What the exercise asks> A stretch of the entries below is to be set down exactly, running from the line with "Solid Colours Turquoise" through the line with "Sweat-shirt écoresponsable à", both included, and no other line.
###
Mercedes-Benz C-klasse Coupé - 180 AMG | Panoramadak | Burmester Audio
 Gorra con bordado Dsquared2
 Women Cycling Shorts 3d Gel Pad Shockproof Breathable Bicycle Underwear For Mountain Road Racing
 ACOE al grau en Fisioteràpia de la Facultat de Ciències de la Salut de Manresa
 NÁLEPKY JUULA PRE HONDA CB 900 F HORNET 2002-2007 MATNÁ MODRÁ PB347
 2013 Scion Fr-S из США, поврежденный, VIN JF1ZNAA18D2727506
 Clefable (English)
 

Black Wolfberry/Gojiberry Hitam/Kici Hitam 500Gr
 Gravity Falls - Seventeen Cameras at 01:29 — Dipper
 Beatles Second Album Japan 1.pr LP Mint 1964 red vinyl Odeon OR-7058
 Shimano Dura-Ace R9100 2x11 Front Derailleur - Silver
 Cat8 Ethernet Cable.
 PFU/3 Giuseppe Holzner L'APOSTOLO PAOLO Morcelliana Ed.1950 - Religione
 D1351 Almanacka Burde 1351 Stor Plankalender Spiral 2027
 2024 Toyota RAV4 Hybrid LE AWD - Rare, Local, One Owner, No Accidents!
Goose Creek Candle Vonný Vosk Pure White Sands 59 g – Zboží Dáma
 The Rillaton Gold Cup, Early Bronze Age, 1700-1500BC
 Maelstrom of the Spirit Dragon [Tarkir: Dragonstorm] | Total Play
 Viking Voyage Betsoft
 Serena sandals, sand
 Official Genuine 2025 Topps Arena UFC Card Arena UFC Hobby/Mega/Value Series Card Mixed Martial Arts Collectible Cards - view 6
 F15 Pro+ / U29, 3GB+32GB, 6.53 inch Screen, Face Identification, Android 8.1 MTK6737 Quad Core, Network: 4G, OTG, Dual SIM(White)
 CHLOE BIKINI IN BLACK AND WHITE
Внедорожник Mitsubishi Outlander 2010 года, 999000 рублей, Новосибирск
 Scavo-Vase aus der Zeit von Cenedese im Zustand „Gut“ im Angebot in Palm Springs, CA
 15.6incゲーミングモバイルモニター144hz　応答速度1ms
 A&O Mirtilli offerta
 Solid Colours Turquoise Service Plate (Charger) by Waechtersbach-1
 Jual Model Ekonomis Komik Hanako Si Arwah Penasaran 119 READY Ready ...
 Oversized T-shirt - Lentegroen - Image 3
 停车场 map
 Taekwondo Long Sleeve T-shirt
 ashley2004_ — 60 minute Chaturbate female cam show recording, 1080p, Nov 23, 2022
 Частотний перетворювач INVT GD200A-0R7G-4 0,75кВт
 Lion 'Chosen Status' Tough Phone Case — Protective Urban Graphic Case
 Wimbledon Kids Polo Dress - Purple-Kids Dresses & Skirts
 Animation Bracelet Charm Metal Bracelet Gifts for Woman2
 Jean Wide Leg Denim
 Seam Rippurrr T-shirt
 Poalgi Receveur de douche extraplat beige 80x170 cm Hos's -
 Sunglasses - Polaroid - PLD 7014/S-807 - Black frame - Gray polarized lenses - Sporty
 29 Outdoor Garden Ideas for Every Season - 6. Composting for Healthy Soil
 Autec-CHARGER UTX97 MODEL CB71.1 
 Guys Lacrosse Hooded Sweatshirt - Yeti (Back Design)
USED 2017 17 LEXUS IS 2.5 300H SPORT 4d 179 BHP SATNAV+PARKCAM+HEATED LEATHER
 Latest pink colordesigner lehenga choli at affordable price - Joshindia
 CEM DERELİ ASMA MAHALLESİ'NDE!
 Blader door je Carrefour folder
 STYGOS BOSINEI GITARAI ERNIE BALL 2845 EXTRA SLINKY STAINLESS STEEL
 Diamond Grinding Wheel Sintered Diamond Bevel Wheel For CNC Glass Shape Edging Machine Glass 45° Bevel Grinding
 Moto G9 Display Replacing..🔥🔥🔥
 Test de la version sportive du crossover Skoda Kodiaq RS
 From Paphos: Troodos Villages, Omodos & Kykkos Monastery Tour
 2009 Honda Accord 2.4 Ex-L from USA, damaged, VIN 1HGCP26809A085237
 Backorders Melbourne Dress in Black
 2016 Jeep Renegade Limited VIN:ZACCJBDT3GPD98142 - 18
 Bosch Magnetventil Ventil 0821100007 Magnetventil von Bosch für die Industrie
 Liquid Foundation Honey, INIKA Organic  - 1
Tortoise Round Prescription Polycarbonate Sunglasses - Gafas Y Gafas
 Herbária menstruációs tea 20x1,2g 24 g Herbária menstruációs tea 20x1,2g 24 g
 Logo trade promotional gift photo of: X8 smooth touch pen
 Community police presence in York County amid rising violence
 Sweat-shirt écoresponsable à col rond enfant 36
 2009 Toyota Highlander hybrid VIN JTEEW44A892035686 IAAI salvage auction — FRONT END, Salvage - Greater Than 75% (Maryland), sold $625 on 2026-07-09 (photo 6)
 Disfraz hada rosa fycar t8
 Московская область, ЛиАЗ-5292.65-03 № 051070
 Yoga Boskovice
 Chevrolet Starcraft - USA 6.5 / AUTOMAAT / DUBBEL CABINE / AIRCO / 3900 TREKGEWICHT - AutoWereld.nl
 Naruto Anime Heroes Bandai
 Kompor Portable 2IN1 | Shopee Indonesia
###
Task result>
 Solid Colours Turquoise Service Plate (Charger) by Waechtersbach-1
 Jual Model Ekonomis Komik Hanako Si Arwah Penasaran 119 READY Ready ...
 Oversized T-shirt - Lentegroen - Image 3
 停车场 map
 Taekwondo Long Sleeve T-shirt
 ashley2004_ — 60 minute Chaturbate female cam show recording, 1080p, Nov 23, 2022
 Частотний перетворювач INVT GD200A-0R7G-4 0,75кВт
 Lion 'Chosen Status' Tough Phone Case — Protective Urban Graphic Case
 Wimbledon Kids Polo Dress - Purple-Kids Dresses & Skirts
 Animation Bracelet Charm Metal Bracelet Gifts for Woman2
 Jean Wide Leg Denim
 Seam Rippurrr T-shirt
 Poalgi Receveur de douche extraplat beige 80x170 cm Hos's -
 Sunglasses - Polaroid - PLD 7014/S-807 - Black frame - Gray polarized lenses - Sporty
 29 Outdoor Garden Ideas for Every Season - 6. Composting for Healthy Soil
 Autec-CHARGER UTX97 MODEL CB71.1 
 Guys Lacrosse Hooded Sweatshirt - Yeti (Back Design)
USED 2017 17 LEXUS IS 2.5 300H SPORT 4d 179 BHP SATNAV+PARKCAM+HEATED LEATHER
 Latest pink colordesigner lehenga choli at affordable price - Joshindia
 CEM DERELİ ASMA MAHALLESİ'NDE!
 Blader door je Carrefour folder
 STYGOS BOSINEI GITARAI ERNIE BALL 2845 EXTRA SLINKY STAINLESS STEEL
 Diamond Grinding Wheel Sintered Diamond Bevel Wheel For CNC Glass Shape Edging Machine Glass 45° Bevel Grinding
 Moto G9 Display Replacing..🔥🔥🔥
 Test de la version sportive du crossover Skoda Kodiaq RS
 From Paphos: Troodos Villages, Omodos & Kykkos Monastery Tour
 2009 Honda Accord 2.4 Ex-L from USA, damaged, VIN 1HGCP26809A085237
 Backorders Melbourne Dress in Black
 2016 Jeep Renegade Limited VIN:ZACCJBDT3GPD98142 - 18
 Bosch Magnetventil Ventil 0821100007 Magnetventil von Bosch für die Industrie
 Liquid Foundation Honey, INIKA Organic  - 1
Tortoise Round Prescription Polycarbonate Sunglasses - Gafas Y Gafas
 Herbária menstruációs tea 20x1,2g 24 g Herbária menstruációs tea 20x1,2g 24 g
 Logo trade promotional gift photo of: X8 smooth touch pen
 Community police presence in York County amid rising violence
 Sweat-shirt écoresponsable à col rond enfant 36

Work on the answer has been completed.